- [WHAT THIS TASK INVOLVES]
What needs reproducing is the run of lines in the data below starting at the line with "Plan & Dimensions" and ending at the line with "Amazon.com: Alteya Organics", both ends included. Copy it exactly, without pictures, and add nothing.

- [INPUT DATA]
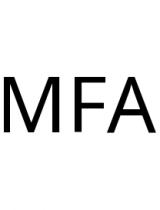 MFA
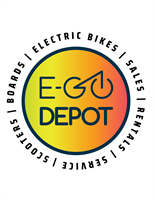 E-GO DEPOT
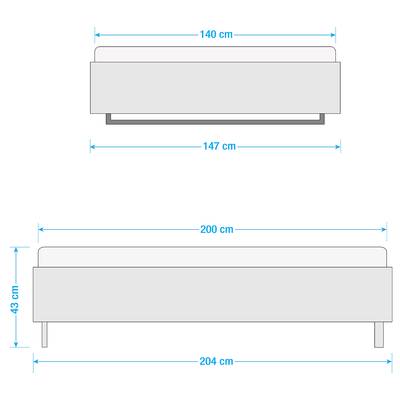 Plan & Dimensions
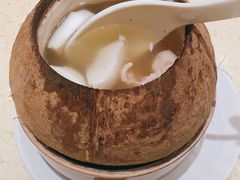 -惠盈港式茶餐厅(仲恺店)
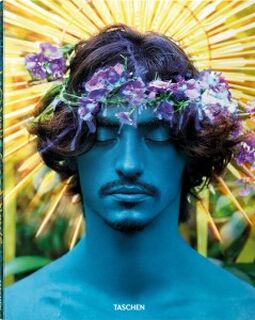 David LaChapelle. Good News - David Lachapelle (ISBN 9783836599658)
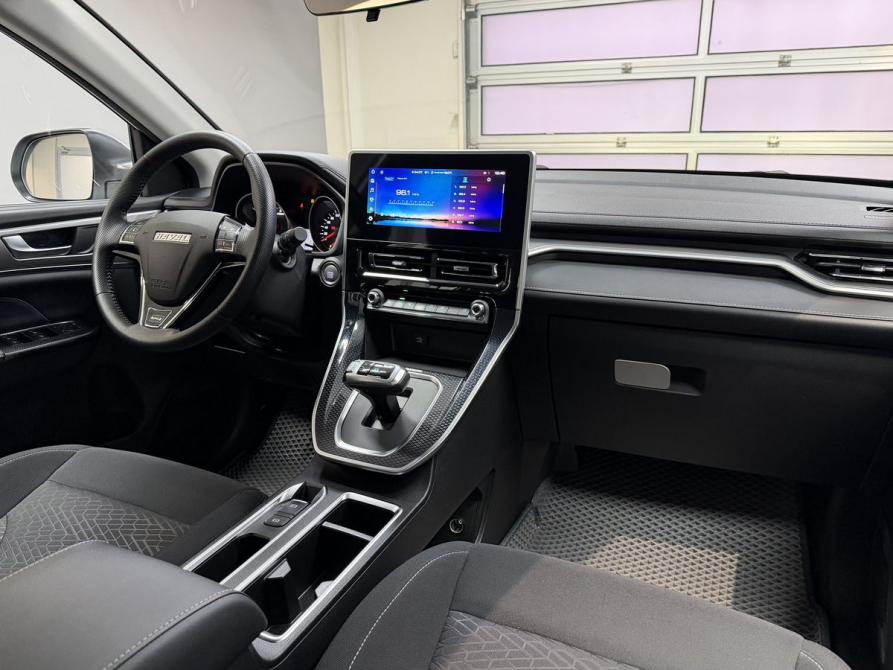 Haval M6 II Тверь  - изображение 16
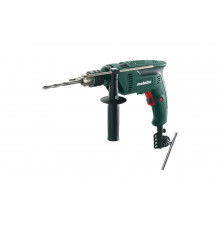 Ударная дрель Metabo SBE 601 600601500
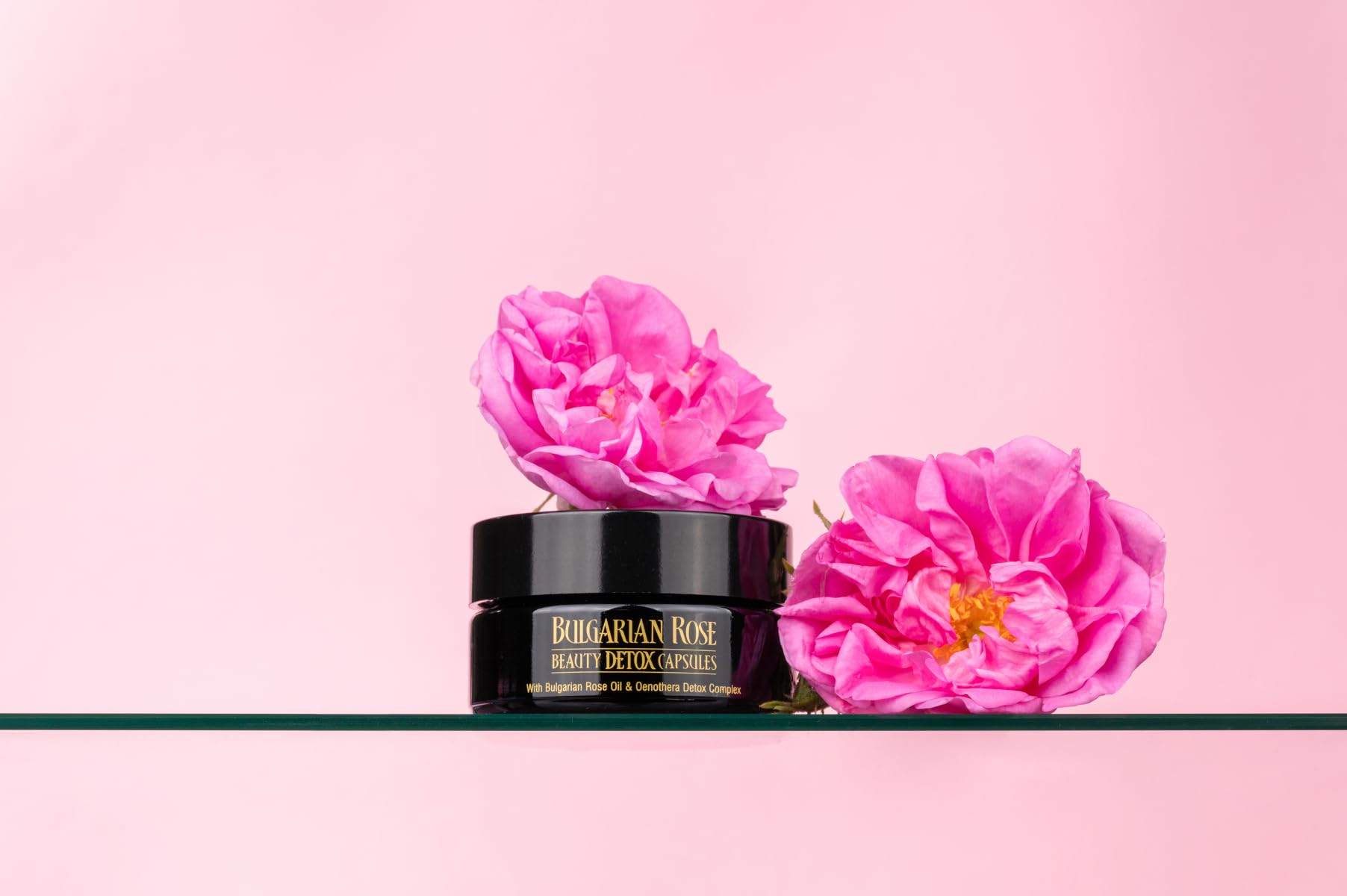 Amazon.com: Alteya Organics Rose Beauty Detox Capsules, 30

---

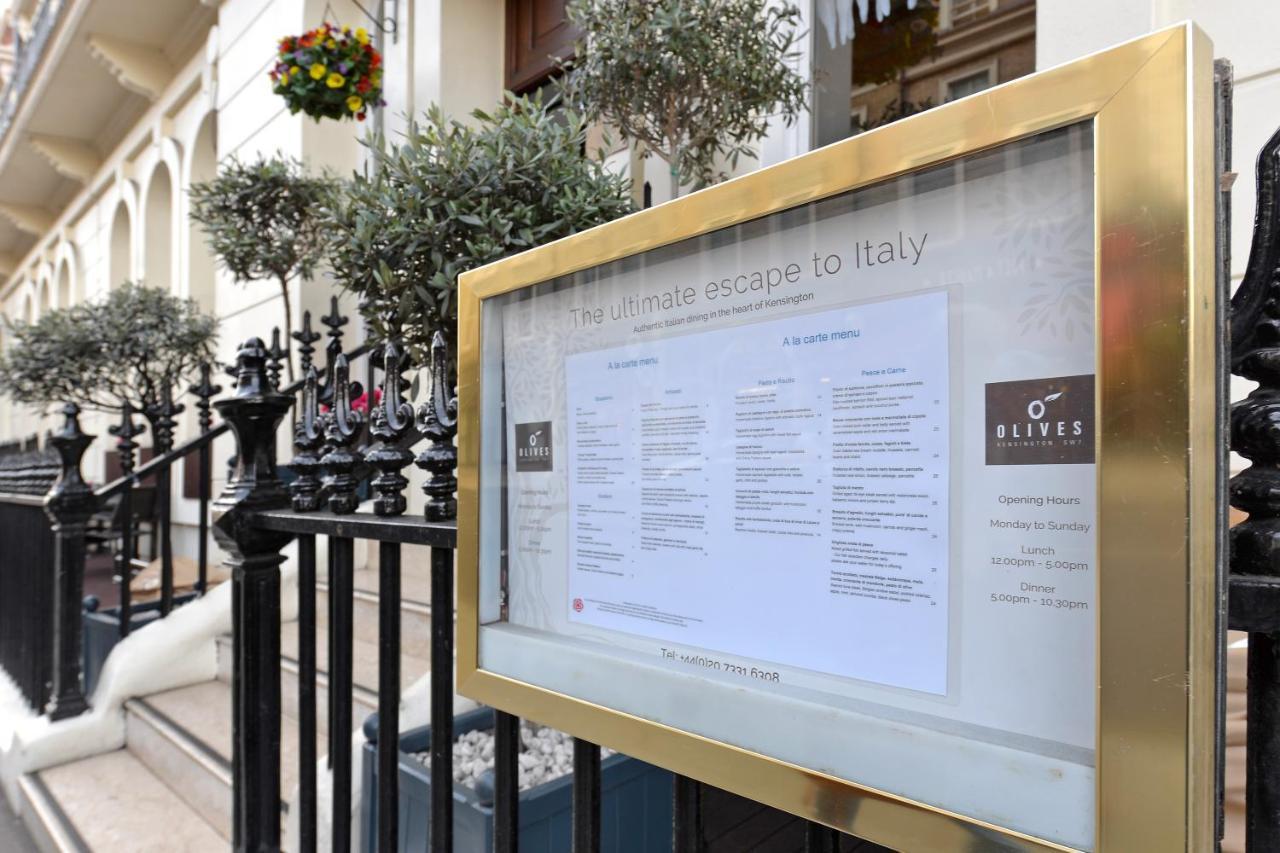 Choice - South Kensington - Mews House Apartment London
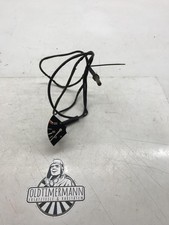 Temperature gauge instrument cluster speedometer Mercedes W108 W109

- [RESULT FOR THIS EXERCISE]
 Plan & Dimensions
 -惠盈港式茶餐厅(仲恺店)
 David LaChapelle. Good News - David Lachapelle (ISBN 9783836599658)
 Haval M6 II Тверь  - изображение 16
 Ударная дрель Metabo SBE 601 600601500
 Amazon.com: Alteya Organics Rose Beauty Detox Capsules, 30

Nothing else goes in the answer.